El Nuevo Testamento, enseña que la verdadera descendencia de Abraham no es étnica, sino espiritual. Entonces, quienes viven por la fe participan de esa alianza, sin importar su origen.
«No es que la palabra de Dios haya fallado; porque no todos los que descienden de Israel son israelitas, ni por ser descendientes de Abraham, son todos hijos; sino: En Isaac te será llamada descendencia. Esto es: No los que son hijos según la carne son los hijos de Dios, sino que los que son hijos según la promesa son contados como descendientes»
Romanos 9:6-8
«Ya no hay judío ni griego; no hay esclavo ni libre; no hay varón ni mujer; porque todos vosotros sois uno en Cristo Jesús. Y si vosotros sois de Cristo, ciertamente linaje de Abraham sois, y herederos según la promesa»
Gálatas 3:28-29
Michael Pahl, especialista en Estudios Bíblicos subraya que el mensaje de Jesús universalizó la identidad del pueblo de Dios. En lugar de un Israel definido por fronteras o linaje, el Evangelio propone una comunidad abierta a todas las naciones. En este sentido, la doctrina cristiana no exige el apoyo incondicional e incuestionable al Estado de Israel o, en todo caso, al movimiento sionista ya que supondría, como advierte Pahl, una incompatibilidad con el Nuevo Testamento. Esta interpretación no supone la anulación del pacto con Israel bíblico, sino su plenitud universal en Cristo. El Evangelio no reemplaza a Israel, sino que lleva a cumplimiento la promesa de Dios de reunir a todos los pueblos en una misma fe.
No existe en la fe cristiana ningún dogma ni mandato intrínseco que exija apoyar o rechazar la creación del Estado de Israel. Su existencia pertenece al ámbito de la política moderna, no de la revelación ni de la teología. Por ello, defender o criticar al Estado de Israel no constituye un acto de fe, sino una posición política, ajena a las Escrituras.
De la tierra prometida al poder terrenal
Ante todo, los Estados no son gobernados por Dios, sino por seres humanos que ostentan intereses políticos, económicos y personales. En el caso de Israel, las decisiones y el genocidio llevado a cabo en Gaza que ha provocado la muerte de más de 65 mil palestinos fueron decisiones del primer ministro Benjamín Netanyahu y el ministro de Defensa, Israel Katz; no decisiones de Dios.
Confundir el Israel bíblico con el Estado moderno lleva a justificar políticas actuales como si fueran designios divinos, algo que las Escrituras no sostienen. Recordar esta diferencia entre fe y poder es fundamental para evitar el uso ideológico de la religión y para promover una mirada más humana, ética y crítica frente al conflicto con Palestina.
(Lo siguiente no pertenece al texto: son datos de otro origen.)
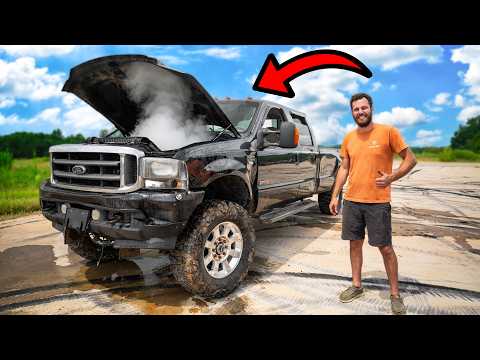 Cheap 6.0 Powerstroke Durability Test!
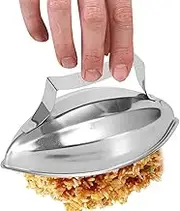 Stainless Rice Mold – Professional Rice Ball Press, Premium Steel Rice Mold Device | Easy Rice Shape Form, Box Companion & Sushi Rice Ball Maker Practical Shaping Kitchen Utensils for Home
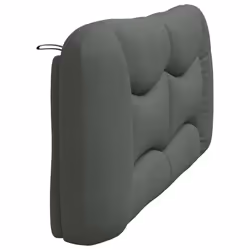 VidaXL 374601 tête de lit et pied de lit Gris foncé - Vue supplémentaire 6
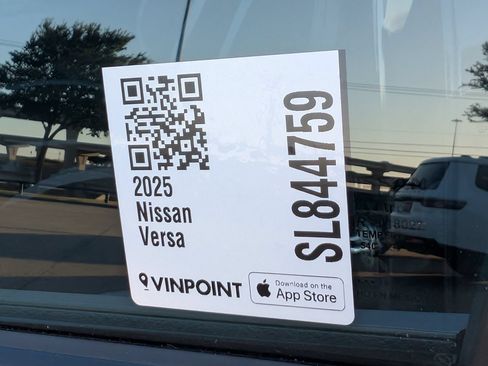 Certified 2025 Nissan Versa S w/ Trunk Package FWD image 27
Solo distinguiendo entre la promesa espiritual y la realidad política podremos debatir de verdad, sin convertir a Dios en el pretexto de las acciones que toman los hombres.
[1] De Langue, N. (2011). El judaísmo.
[2] Pappé, I. (2008). La limpieza étnica de Palestina.
[3] Solar, D. (s.f). El nacimiento de Israel.
[4]Küng, H. (2013). El judaísmo: pasado, presente, futuro. (p. 450-530).
[5] Brox, N. (1986). Historia de la Iglesia Primitiva. Editorial Herder S.A., Barcelona.